Tips for generating test data:

  • Generate more question-answer pairs than you need, then manually prune them based on quality and overlap. Remove low quality answers, and remove questions that are too similar to other questions.
  • Be aware of the knowledge distribution so you effectively sample questions across the relevant knowledge space.
  • Once your application is live, continually sample real user questions (within accordance to your privacy policy) to make sure you're representing the kinds of questions that users are asking.
  1. From the ai-samples/src/llm-eval/LLMEval.Test directory, run the following command:

    dotnet run .
    
  2. Select Generate QAs associated to a topic, and export to json, then press Enter.

    Scenario selection step of the Evaluation Application

  3. Enter the number of question-answer pairs to be generated and their topic.

    Number and topic inputs for question-answer generation with the Evaluation Application

  4. A preview of the generated question-answer pairs in JSON format is shown; enter the path of the file to save the JSON to.

    Output file input for question-answer generation with the Evaluation Application

  5. Review the output JSON, and update or remove any incorrect or subpar answers.

4 - Perform an evaluation

Once you've curated the question-answer pairs, the evaluation application can use them to evaluate the outputs of the test model.

  1. Copy the JSON file containing the question-answer pairs to ai-samples/src/llm-eval/LLMEval.Test/assets/qa-02.json.

  2. From the ai-samples/src/llm-eval/LLMEval.Test directory, run the following command:

    dotnet run .
    
  3. Select List of QAs from a file, then press Enter.

    List of steps of the Evaluation Application with 'List of QAs from a file' selected

  4. The evaluation results are printed in a table format.

    Table showing the output of the Evaluation Application

5 - Review the evaluation results

The evaluation results generated in the previous step include a coherence, relevance, and groundedness metric.

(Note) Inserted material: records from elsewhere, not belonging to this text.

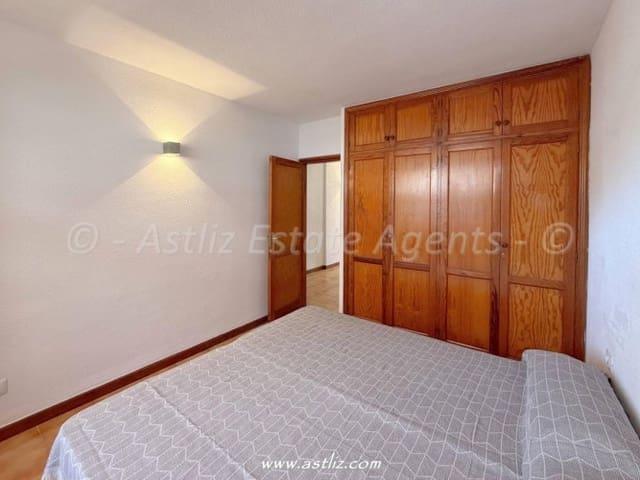 Apartamento en venta en Santiago del Teide, Canarias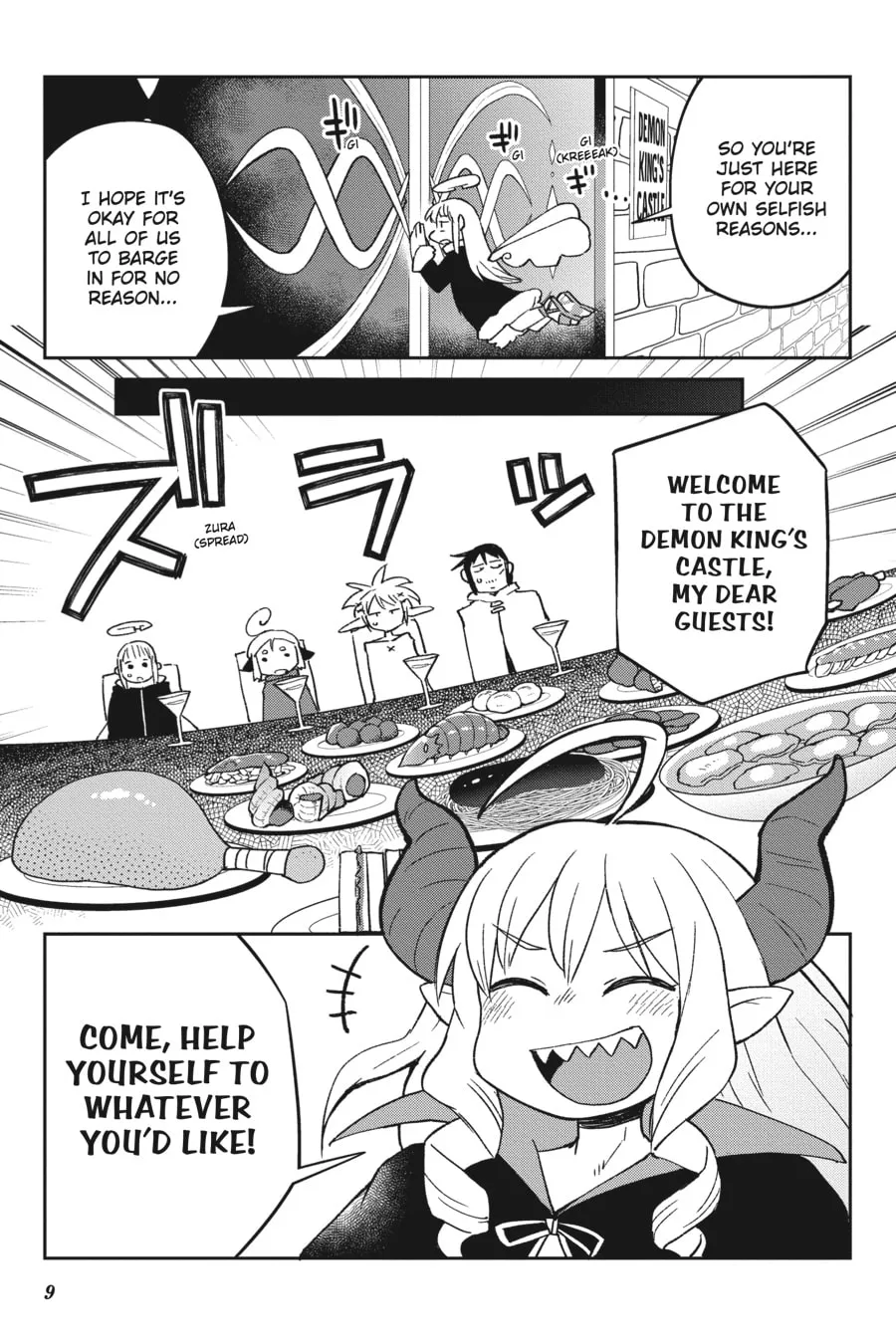 Interspecies Reviewers Chapter 43 page 7 - 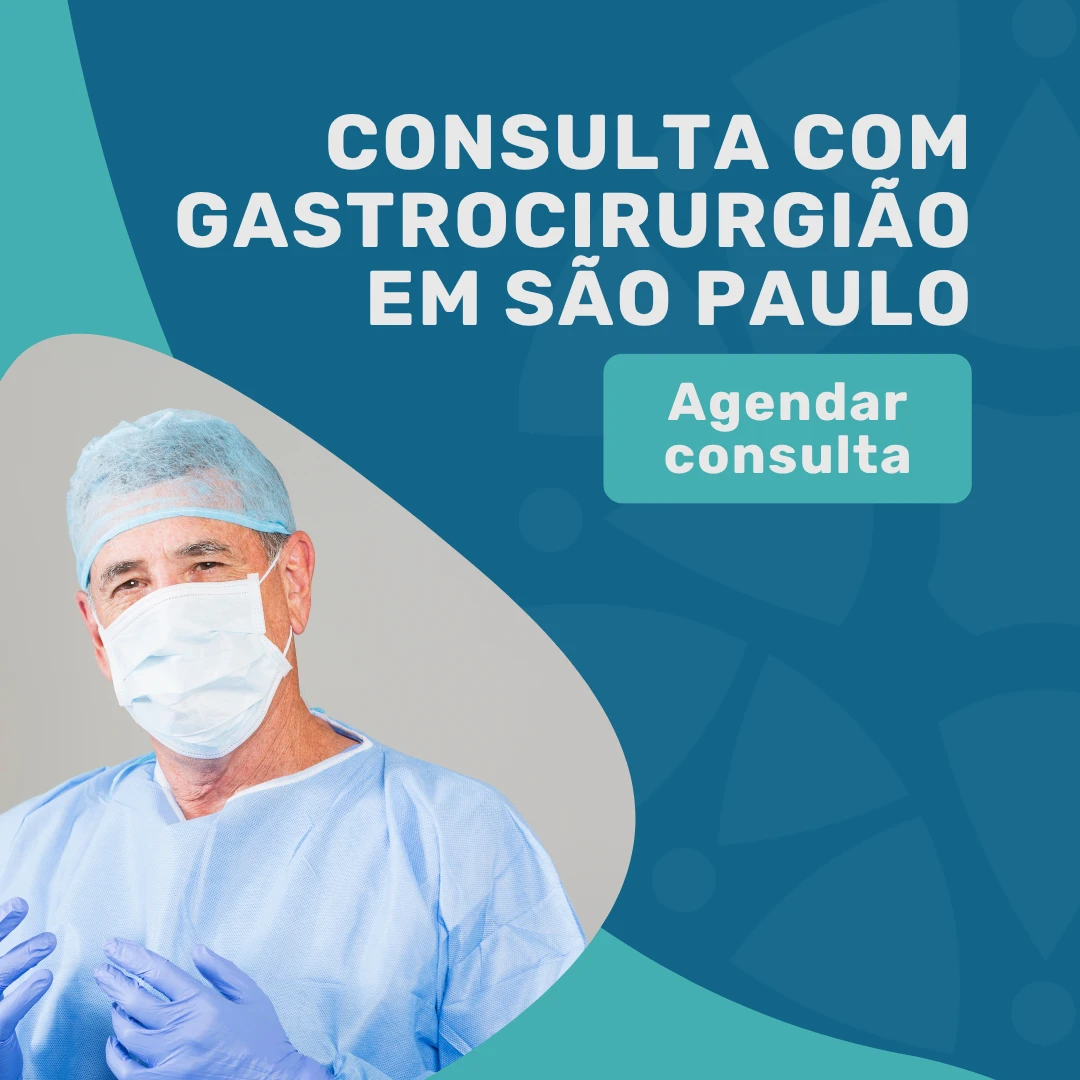 Entre em contato com o Instituto Medicina em foco para agendar uma consulta com gastrocirurgião em são paulo e saber mais sobre a gastrectomia vertical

These metrics are similar to the built-in metrics provided by the Azure AI Studio.

  • Coherence: Measures how well the language model can produce outputs that flow smoothly, read naturally, and resemble human-like language.
    • Based on ai-samples/src/LLMEval.Core/_prompts/coherence/skprompt.txt
  • Relevance: Assesses the ability of answers to capture the key points of the context.
    • Based on ai-samples/src/LLMEval.Core/_prompts/relevance/skprompt.txt
  • Groundedness: Assesses the correspondence between claims in an AI-generated answer and the source context, making sure that these claims are substantiated by the context.
    • Based on ai-samples/src/LLMEval.Core/_prompts/groundedness/skprompt.txt

Clean up resources

If you no longer need them, delete the Azure OpenAI resource and GPT-4 model deployment.

  1. In the Azure Portal, navigate to the Azure OpenAI resource.
  2. Select the Azure OpenAI resource then select Delete.